Selon le «maître», l’organisation vit uniquement des dons de ses généreux «amis» et des ventes de ses livres. Seulement ses dépenses annuelles sont estimées à plusieurs millions de dollars. A-t-elle été financièrement soutenue par ses homologues protestants américains ? Oktar reste évasif, mais reconnaît leur influence sur ses propres «travaux». En réalité, les livres du gourou turc sont des quasi copiés-collés d’ouvrages américains. On sait du reste qu’en 1992 Duane Gish et John Morris, les dirigeants du très puissant Institute for Creation Research (ICR), étaient venus en personne rendre visite à la BAV. Et, en 1998, créationnistes américains et turcs donnaient ensemble une série de conférences à Istanbul sur le thème : «La fin de la théorie de l’évolution : le fait de la Création». Le 12 mai 2005 encore s’y tenait le second colloque international sur le «dessein intelligent», avec le soutien de la municipalité. En fait, les premières influences créationnistes américaines sur la Turquie remonteraient encore plus loin, vers 1985. Le ministre turc de l’Education d’alors, M. Vehbi Dincerler, aurait pris contact avec l’ICR. Il souhaitait éliminer l’enseignement unique de l’évolution pour introduire la Création dans les manuels. De nombreux ouvrages de l’Institut américain seront traduits en turc et distribués aux enseignants des écoles publiques.

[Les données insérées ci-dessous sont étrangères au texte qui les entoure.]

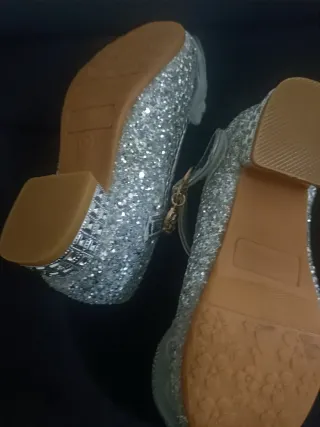 Zapatos Princesa Niña Talla 26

La machine de propagande se révèle terriblement efficace. D’après un sondage réalisé par l’Académie des Sciences, 75% des lycéens du pays ne croient plus à la théorie de l’évolution. «Il n’y avait jamais eu d’aussi grand mouvement anti-darwiniste en Islam, qui jusqu’à peu tolérait même très bien l’évolutionnisme, analyse le professeur Celal Sengor, éminent géologue de l’Université technique d’Istanbul. L’inquiétante progression des idées d’Harun Yahya est symptomatique de la dégradation politique du pays. Et plus généralement de la montée de l’extrémisme religieux dans le monde.» Le regain de religiosité ? «C’est le retour du Messie qui approche. Jésus reviendra dans vingt ans», prédit Harun Yahya avec des faux airs de Paco Rabanne.